What the exercise asks
Find "For OPPO Find" in the material below, then write out that line and every line after it exactly, ending with the last one; skip the pictures.

Dataset extract

· · · · ·

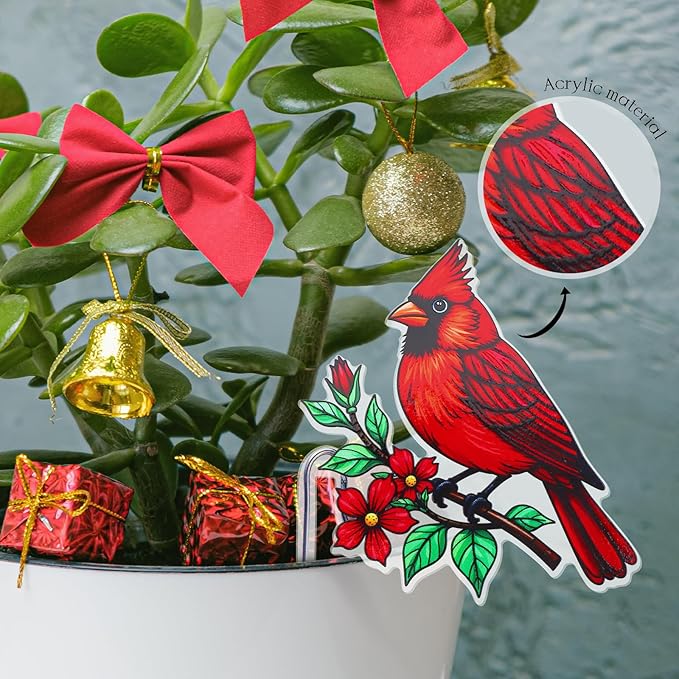 Hanging Planters for Indoor Outdoor Plants-Planters Hanging Plant Red Cardinal Bird Decor Garden Decor Plant Accessories Farmhouse Decor-Gifts Ideas for Mom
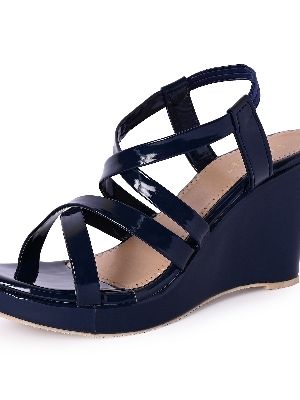 Make a Statement with Navy Wedges for Women by Kosh-a — Kosh-a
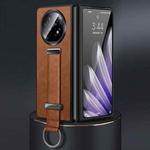 For OPPO Find N5 SULADA PC Hybrid Leather Texture Skin Feel Shockproof Phone Case(Brown)
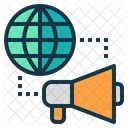 Globales Marketing  Symbol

· · · · ·

Solution to this task
 For OPPO Find N5 SULADA PC Hybrid Leather Texture Skin Feel Shockproof Phone Case(Brown)
 Globales Marketing  Symbol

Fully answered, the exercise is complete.